Here’s an example of a calendar table built with a series of preceding load statements. The preceding load technique isn’t essential – this calendar table could have been built with a set of resident tables – but it is a good illustration of preceding load where each level of the load is a major revision of the level below.

This example code comes from a loadscript where the earlier part of the script has already loaded 50 million rows of transaction data. This calendar table part runs in a few seconds. The client for this example uses a July through June fiscal year and I left in the calculations for fiscal month, fiscal quarter and fiscal year (they use a label like FY15/16 for fiscal year).

Remember to read the comments starting at the bottom since that is how the preceding load logic works. Note the Dual function used to make sure the fiscal months sort properly from July to June in charts.

//Calendar table is for all Monday WeekStart dates for the transaction data  
TBL_CALENDAR:
LOAD
FDATE,
Month(FDATE) as CAL_MO,
Year(FDATE) as CAL_YEAR,
dual(Month(FDATE),if(num(Month(FDATE))>6,num(Month(FDATE))-6,num(Month(FDATE))+6))  AS FISCAL_MO,
dual('FY' & if(num(Month(FDATE))>6,   right(Year(FDATE),2)&'/'&right(Year(FDATE)+1,2), right(Year(FDATE)-1,2)&'/'&right(Year(FDATE),2)),
   if(num(Month(FDATE))>6, right(Year(FDATE),2),right(Year(FDATE)-1,2))) as FISCAL_YR,
Pick(Month(FDATE),'Q1','Q1','Q1', 'Q2','Q2','Q2', 'Q3','Q3','Q3', 'Q4','Q4','Q4') as QTR,
Pick(Month(FDATE),'Q3','Q3','Q3', 'Q4','Q4','Q4', 'Q1','Q1','Q1', 'Q2','Q2','Q2') as FISCAL_QTR;
//
//now, make a complete set of FDATEs between min and max
//without missing any weeks.
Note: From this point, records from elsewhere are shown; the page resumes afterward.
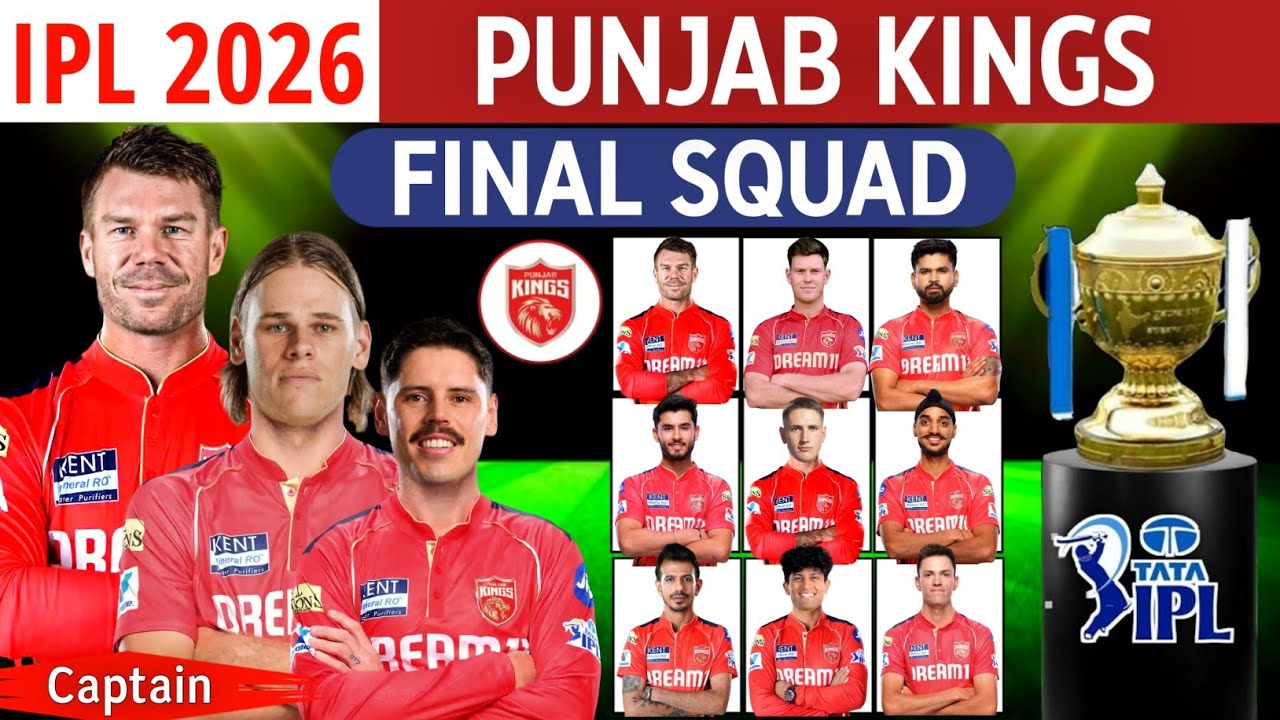 IPL 2026 - Финальный состав команды Punjab Kings (на данный момент) | Список игроков команды PBKS...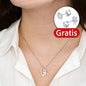 An meine Mama - Rosenbox + GRATIS Ohrringe - Weißgold Herz Halskette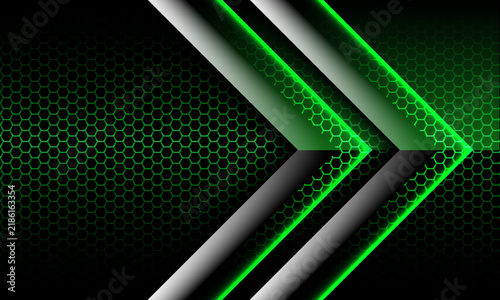 Abstract green light arrow power direction hexagon mesh cyber technology futuristic style design modern background vector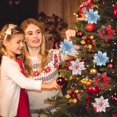 thumbnail image 4 of 2024 Nuevo árbol de Navidad con flores brillantes de 14 cm, adornos de flores artificiales, decoración navideña para el hogar, Año Nuevo, 4 of 5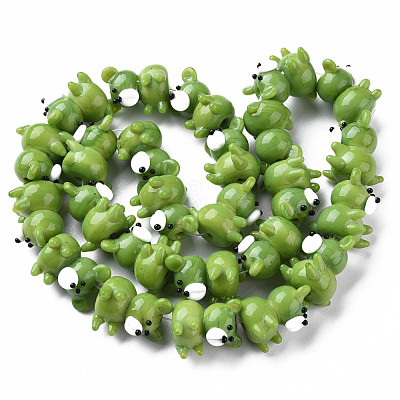 Opaque Handmade Bumpy Lampwork Beads Strands LAMP-T007-19-A05-1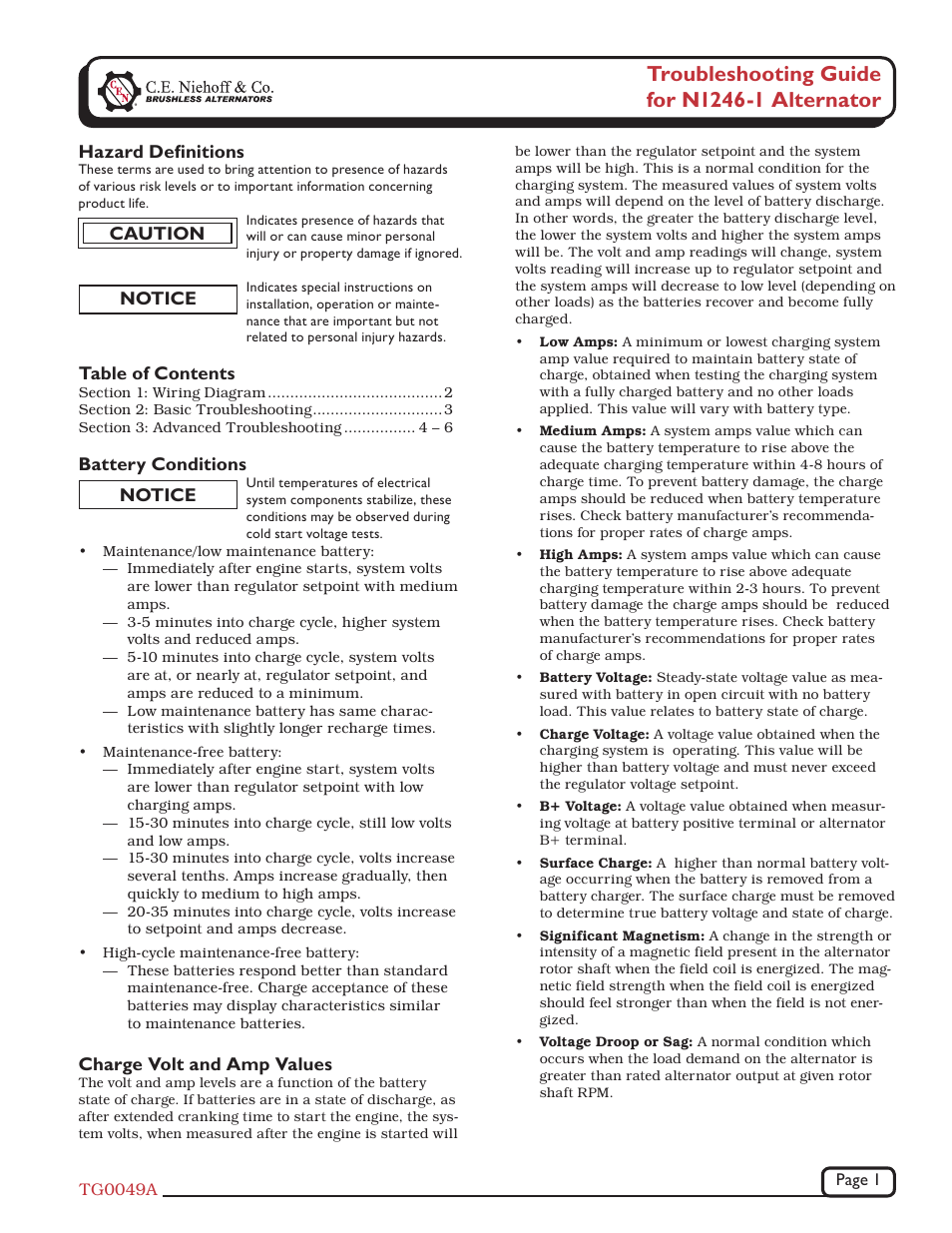 C.E. Niehoff & Co. N1246-1 Troubleshooting Guides User Manual | 8 pages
Autogenerate keyword not needed  
Load 
Date(MINFDATE+(IterNo()*7)) as FDATE
While MINFDATE+(IterNo()*7) <= MAXFDATE;
//
//get the minimum (oldest) FDATE and maximum (newest) FDATE
Load 
Weekstart(Min(FDATE)) as MINFDATE,
Weekstart(Max(FDATE)) as MAXFDATE;
//
//First, get all of the distinct FDATE values that have been loaded 
Load date(FieldValue('FDATE', RecNo())) as FDATE 
AutoGenerate FieldValueCount('FDATE');

I didn’t use it here but a WHERE clause will work with preceding load (WHERE EXISTS… is often useful) The ORDER BY clause seems to cause an error with proceding load but you can use logic like this example where the FDATE values are built and loaded in ascending order.

★★★

Friday, November 18, 2016

MonthsBetween Function

A few days ago I needed a calculation in a loadscript that would provide the number of months between two dates. This kind of calculation comes up sometimes with supply chain planning data when the difference between the month a sales forecast is developed and the month that the sales forecast is meant to be applied, sometimes called a monthly lag, can be used to help measure forecast accuracy. QlikView provides a number of date functions but not one that can calculate the number of months between two dates.
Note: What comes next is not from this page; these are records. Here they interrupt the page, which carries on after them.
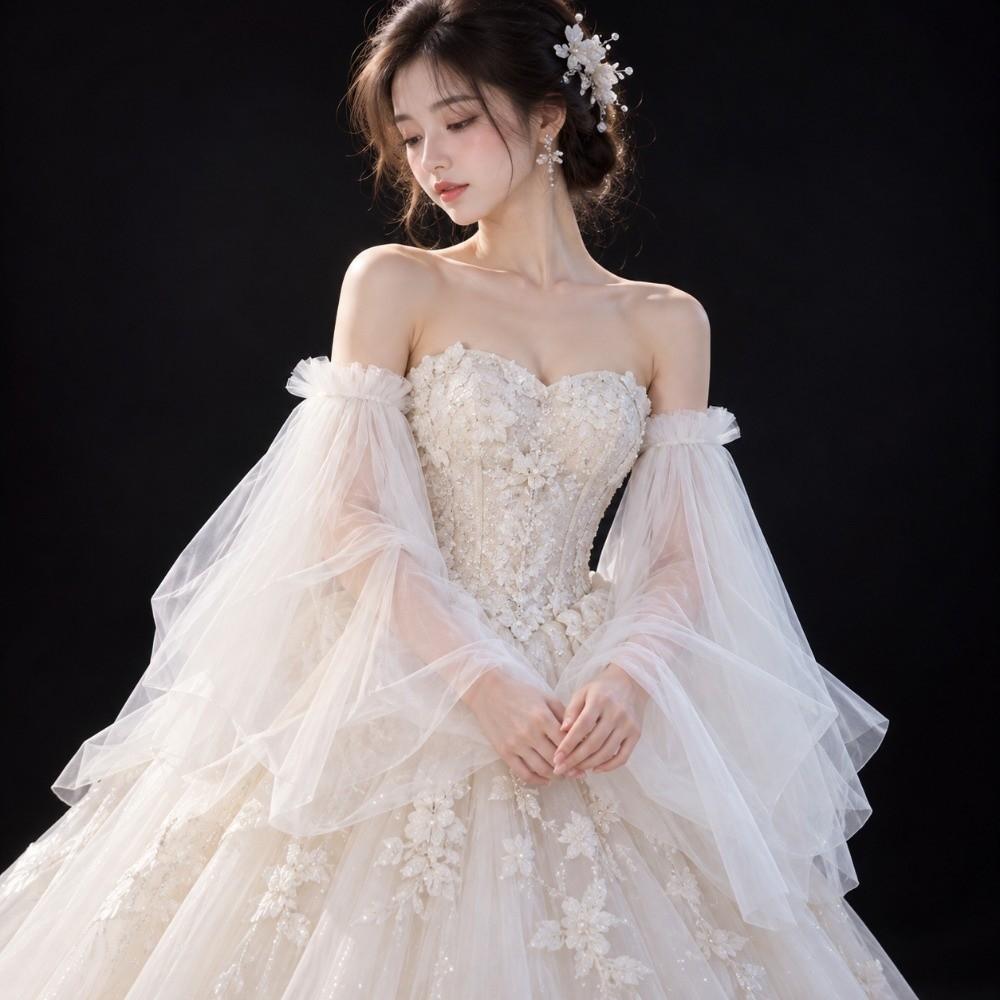Tulle Arm Cuffs Elastic Puff Sleeves Fashion Mesh Sleeves  Evening Party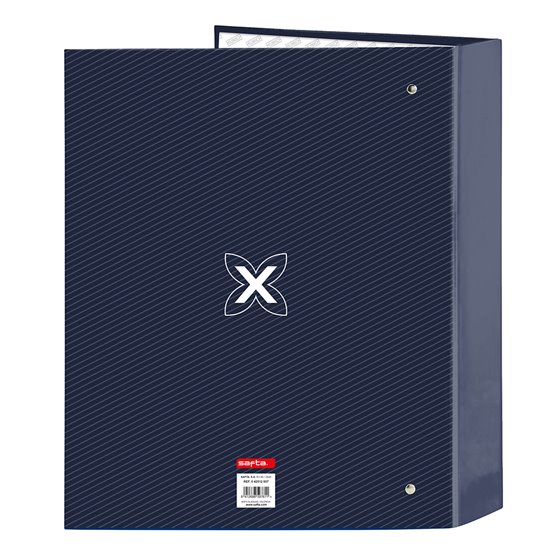 Carpeta Folio 4 Anillas 35 mm. Lomo Ancho Munich "Blue Indigo" 27 x 33 x 6 cm.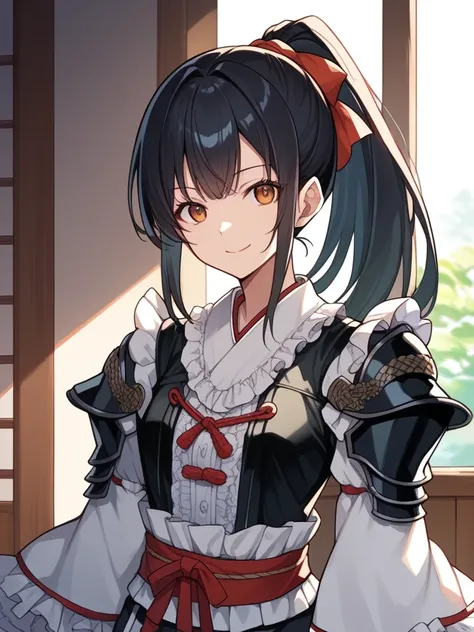 score_9,score_8,score_7,source_anime,rating_safe,<lora:Too_many_frills_pony:1>,too_many_frills,1girl,smile,upper body,long black ponytail,samurai armor,japanese room,shoulder armor,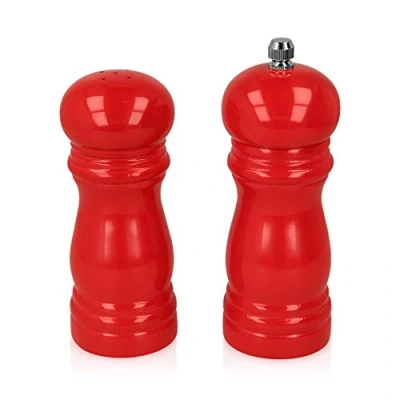 Imagen de Metaltex 58.60.46 Set Molinillo Pimentero Y Salero Lacado, 10 X 5 13 Cm, Rojo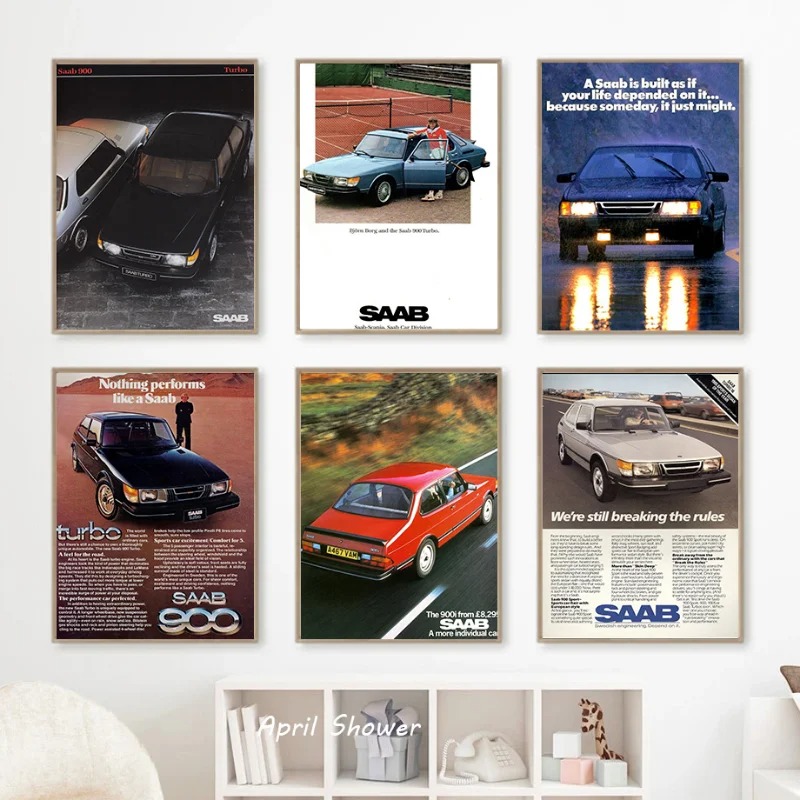 Vintage Fashion Prints For Wall - 클래식 빈티지 사브 900 터보 자동차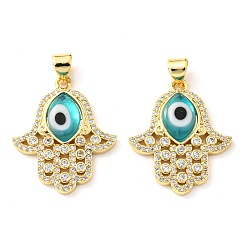 Turquoise Brass Cubic Zirconia Pendants, with Lampwork, Real 18K Gold Plated, Hamsa Charm, Turquoise, 24x20.5x4mm, Hole: 5x3.5mm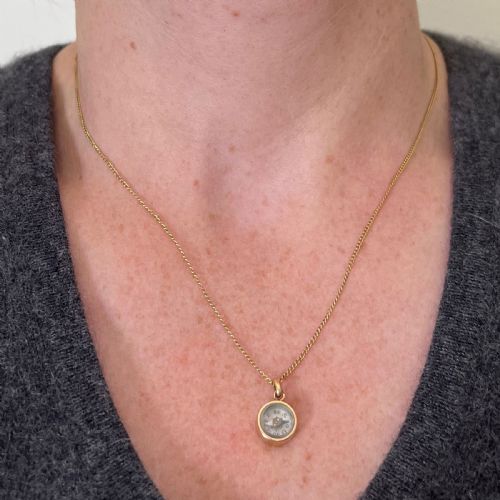 VINTAGE FRENCH 18K YELLOW GOLD COMPASS CHARM PENDANT - ADDITIONAL PHOTO 3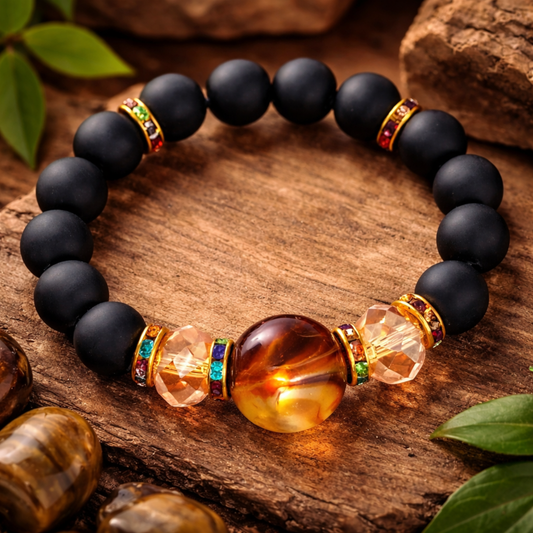 Matte Black & Amber Crystal Men’s Bracelet – Luxury Stone Stretch Band – 6 Inch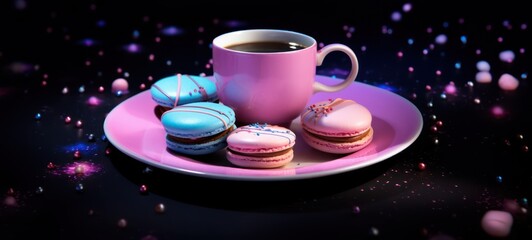 Obraz na płótnie Canvas blue and pink cup of coffee cookies.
I decided to make my own MonthsBetween date function using a document variable with input arguments. A variable like that can be used like a user defined function. I created a variable in the QlikView document and named it MonthsBetween. This is what I typed for the content of the variable (you, of course, can copy and paste from this blog post):
((Year($2)*12 + Month($2)) - (Year($1)*12 + Month($1)))

The $1 and $2 get replaced by two input arguments (which some people might call parameters) when the variable is used. The arguments must be dates. My loadscript (I was loading data from an Oracle database table) looked something like this:

BUDGET_HIST:
Load BUSINESS_UNIT,
BUDGET_AMOUNT,
CREATE_DATE,
APPLY_DATE,
$(MonthsBetween(CREATE_DATE, APPLY_DATE)) AS MONTH_LAG;
Select * from BUDGET_HIST_TABLE;

For example, if the CREATE_DATE is 1-APRIL-2016 and the APPLY_DATE is 1-JULY-2016 then MONTH_LAG is 3. If the second date is later than the first date then the result will be a positive integer number of months. If the two dates are from the same month then the result is a zero. For my data, the APPLY_DATE is always later than or equal to the CREATE_DATE so MONTH_LAG is always 0 or greater. If CREATE_DATE was later than APPLY_DATE then MONTH_LAG would be a negative number.
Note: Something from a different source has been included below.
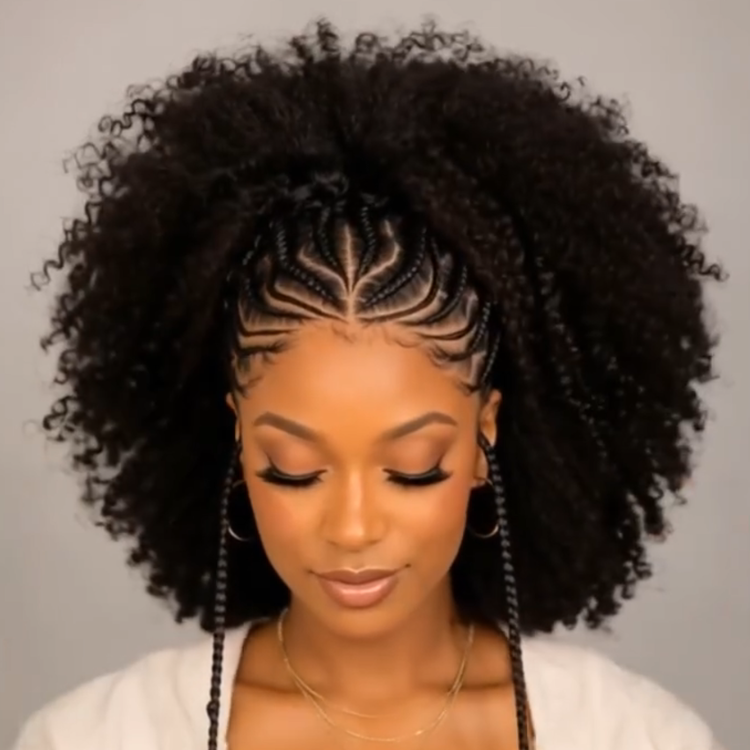 Braided Cornrow to Afro Kinky Coily Half-Up Half-Down Wig with Caramel Highlights - Rafarada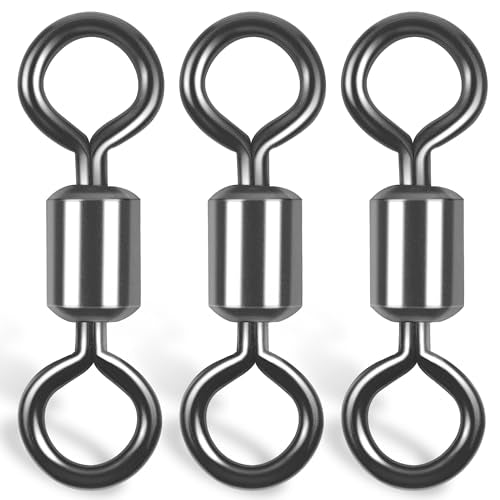 Rolling Barrel Fishing Swivel,120pcs Stainless Steel Black Nickel Fishing Line Connector Swivels Fishing Tackle for Saltwater 30LB to 335LB - size: 120pcs 4#-73lb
The calculation is nothing special -- it must have been re-created thousands of times. But, putting it into a variable makes the calculation easy to use in many places and easy to share. Test it out in a chart expression or advanced search expression

When a variable contains expression code like that and the variable might be used as part of a larger expression in a chart, then it is a good idea to enclose the entire variable contents within parentheses as I did above. It helps prevent QlikView from processing the operators in the larger expression in the wrong order.


★★★  

Thursday, December 24, 2015

Chart Adjusts to Whatever Fieldnames are Loaded


I’m often called on to validate a new data file from a client or to examine a new data extract. My first step is to load data into a copy of Steve Dark’s Data Profiler (search on quickintelligence data profiler). I’ve made a few modifications to Steve’s original document – here are a couple of the most useful.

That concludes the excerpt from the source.